Coalition Calls for Science-Based Approach to Elemental Impurity Testing
David Schoneker, chairman of the Coalition for the Rational Implementation of USP Elemental Impurities Requirements, told In-Pharmatechnologist.com that industry is “concerned” by a May 2014 deadline set by USP for implementing its General Chapters <232> and <233> on elemental impurities while ICH is working on its own separate technical requirements.
“Once ICH started working on this, everyone thought it might be the governing body to develop what the [elemental impurity] limits should be and the pharmacopoeia would be working on methodology,” Schoneker said. The EU and Japanese Pharmacopoeia for instance, have said they will wait on the ICH, but the USP is going ahead with their general chapters, he added.
Although the ICH has not publicly released its Q3D guideline governing elemental impurities, which is expected to come in June, Schoneker said some of the ICH and USP limits are different, such as those for arsenic. So companies could end up re-formulating a drug to meet USP standards in May 2014, and “in a year or two from now, when there’s harmony with ICH,” companies may realize they did not have to re-formulate.
USP previously told us that it would update its general chapters once ICH’s Q3D is finalized.
“Shouldn’t the USP simply say we’re putting this on hold – what’s the rush to get it out before then? There isn’t an imminent safety problem,” Schoneker added. “We want better controls on metals, and we just want better ideas that don’t create waste,” he said.
The coalition – made up of trade associations and industry groups including the International Pharmaceutical Excipients Council of the Americas (IPECAmericas), the Generic Pharmaceutical Association and the Society of Chemical Manufacturers & Affiliates – Bulk Pharmaceutical Task Force -- formally appealed to stay the USP chapters until they can be harmonized with ICH, but USP rejected the appeal.
Schoneker added that USP is still reviewing comments that the coalition made on the general chapters.
FDA Collaboration
IPEC is developing a Q&A on what still needs to be decided before industry can move forward for the FDA.
The FDA also worked with IPEC on a study in which the agency asked for samples of some excipients from naturally derived or mined materials, and companies provided the samples to a law firm that blinded them and passed them along to the agency.

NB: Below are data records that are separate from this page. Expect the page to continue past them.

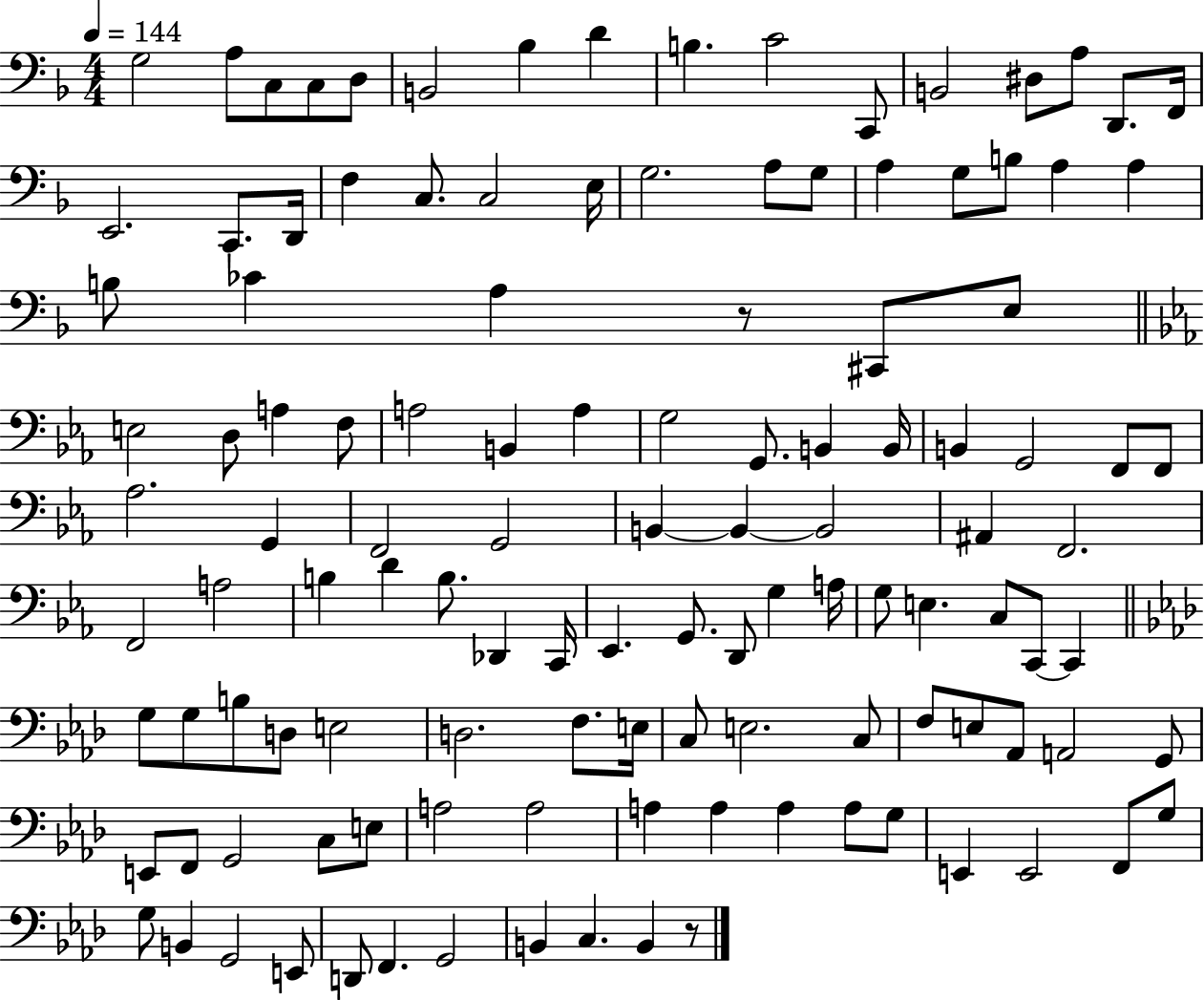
{
  \clef bass
  \numericTimeSignature
  \time 4/4
  \key f \major
  \tempo 4 = 144
  g2 a8 c8 c8 d8 | b,2 bes4 d'4 | b4. c'2 c,8 | b,2 dis8 a8 d,8. f,16 | \break e,2. c,8. d,16 | f4 c8. c2 e16 | g2. a8 g8 | a4 g8 b8 a4 a4 | \break b8 ces'4 a4 r8 cis,8 e8 | \bar "||" \break \key ees \major e2 d8 a4 f8 | a2 b,4 a4 | g2 g,8. b,4 b,16 | b,4 g,2 f,8 f,8 | \break aes2. g,4 | f,2 g,2 | b,4~~ b,4~~ b,2 | ais,4 f,2. | \break f,2 a2 | b4 d'4 b8. des,4 c,16 | ees,4. g,8. d,8 g4 a16 | g8 e4. c8 c,8~~ c,4 | \break \bar "||" \break \key f \minor g8 g8 b8 d8 e2 | d2. f8. e16 | c8 e2. c8 | f8 e8 aes,8 a,2 g,8 | \break e,8 f,8 g,2 c8 e8 | a2 a2 | a4 a4 a4 a8 g8 | e,4 e,2 f,8 g8 | \break g8 b,4 g,2 e,8 | d,8 f,4. g,2 | b,4 c4. b,4 r8 | \bar "|."
}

As there is some sensitivity by companies that “don’t know what [type of metals are in the excipients] and what can that lead to, the blinding mechanism” made it safe for the companies to supply their samples and obtain preliminary data, Schoneker said.
The FDA’s laboratory in St. Louis has since sent the results of the sample testing, which were unblinded upon their return by the law firm, back to the companies, he noted.